A team of researchers at Yale-NUS College have developed new computer vision and deep learning approaches to extract more accurate data from low-level vision in videos caused by environmental factors like rain and night-time conditions. They also improved the accuracy of 3D human pose estimation in videos.
Computer vision technology, which is used in applications like automatic surveillance systems, autonomous vehicles, and healthcare and social distancing tools, is often impacted by environmental factors, which can cause problems with the extracted data.
The new research was presented at the 2021 Conference on Computer Vision and Pattern Recognition (CVPR).
Environmental Impact on Images
Conditions like low light and human-made light effects like glare, glow, and floodlights affect night-time images. Rain images are also affected by rain streaks or rain accumulation.
Yale-NUS College Associate Professor of Science Robby Tan led the research team.
“Many computer vision systems like automatic surveillance and self-driving cars, rely on clear visibility of the input videos to work well. For instance, self-driving cars cannot work robustly in heavy rain and CCTV automatic surveillance systems often fail at night, particularly if the scenes are dark or there is significant glare or floodlights,” said Assoc. Prof Tan.
The team relied on two separate studies which introduced deep learning algorithms to enhance the quality of night-time videos and rain videos.
The first study focused on boosting the brightness while simultaneously suppressing noise and light effects, such as glare, glow, and floodlights to create clear night-time images. The new technique is aimed at improving the clarity in night-time images and videos when there is unavoidable glare, which existing methods have yet to do.

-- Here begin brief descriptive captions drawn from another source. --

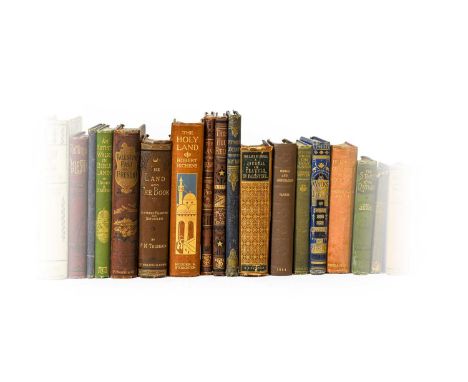 Holy Land. Large collection of travel accounts, 19th-20th century, including:1) Tristram (H. B.). The Land of Israel; a Journ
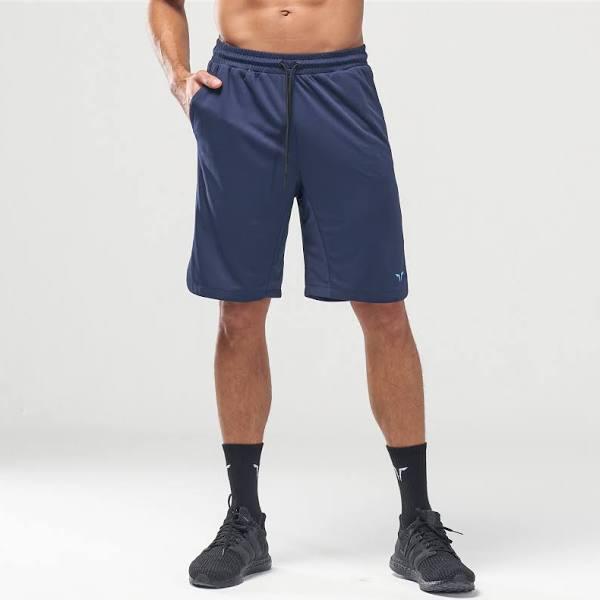 SQUATWOLF - Code Basketball Shorts - Blue Iris - XL - Gym Shorts - Male Workout Clothes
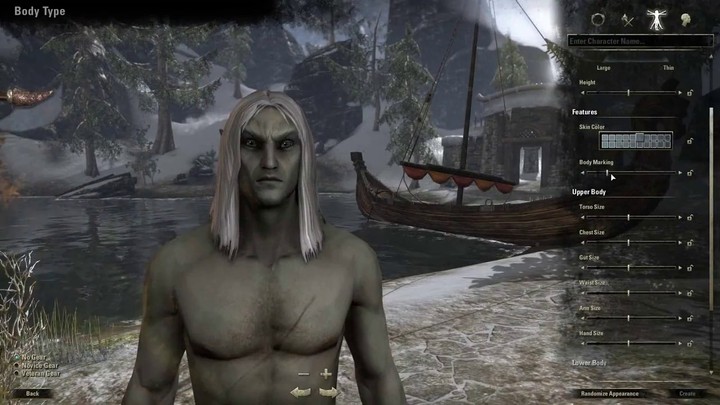 Aperçu de la création de personnage sur The Elder Scrolls Online (VOSTFR)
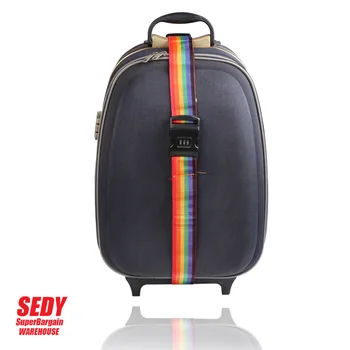 4PC Password Lock Adjustable Nylon Travel Luggage Straps Belt Protective Travel Accessories Suitcase Packing Belt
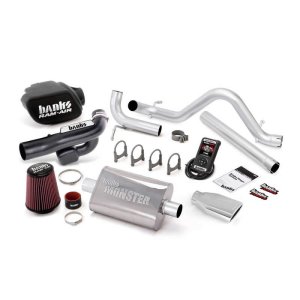 Jeep Wrangler Performance Exhaust - Banks Power - Stinger System with AutoMind, Single Exhaust - Chrome - `12-`14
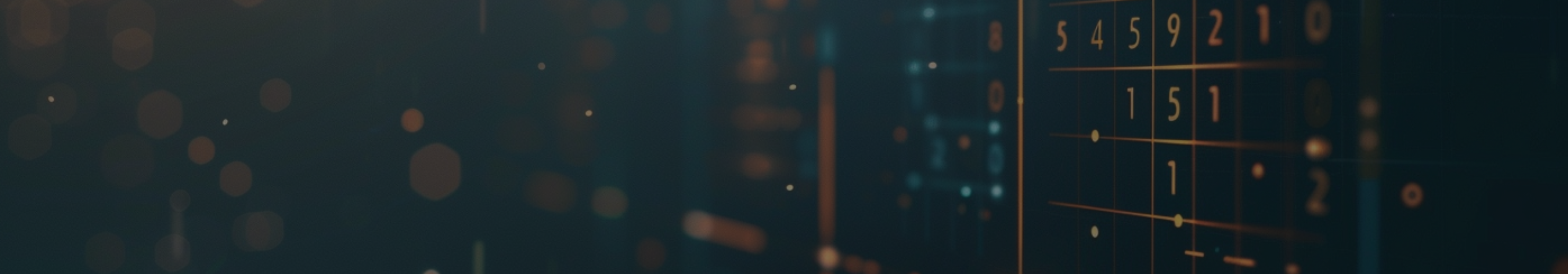 Abstract background with bokeh lights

In countries where heavy rain is common, rain accumulation negatively impacts the visibility in videos. The second study set out to address the problem by introducing a method that employs a frame alignment, which enables better visual information without being affected by rain streaks, which often appear randomly in different frames. The team used a moving camera to employ depth estimation, which helped remove the rain veiling effect. While existing methods revolve around removing rain streaks, the newly developed ones can remove both rain streaks and the rain veling effect simultaneously.
3D Human Pose Estimation
Along with the new techniques, the team also presented its research on 3D human pose estimation, which can be used in video surveillance, video gaming, and sports broadcasting.
3D multi-person pose estimation from a monocular video, or video taken from a single camera, has been increasingly researched over the last few years. Unlike videos from multiple cameras, monocular videos are more flexible and can be taken with a single camera, such as a mobile phone.
With that said, high activity like multiple individuals in the same scene affects accuracy in human detection. This is especially true when individuals are interacting closely or overlapping with each other in the monocular video.
The team’s third study estimated 3D human pose from a video by combining two existing methods, which were top-down and bottom-up approaches. The new method produces more reliable pose estimation in multi-person settings when compared to the other two, and it is better equipped to handle distance between individuals.
“As a next step in our 3D human pose estimation research, which is supported by the National Research Foundation, we will be looking at how to protect the privacy information of the videos. For the visibility enhancement methods, we strive to contribute to advancements in the field of computer vision, as they are critical to many applications that can affect our daily lives, such as enabling self-driving cars to work better in adverse weather conditions,” said Assoc. Prof Tan.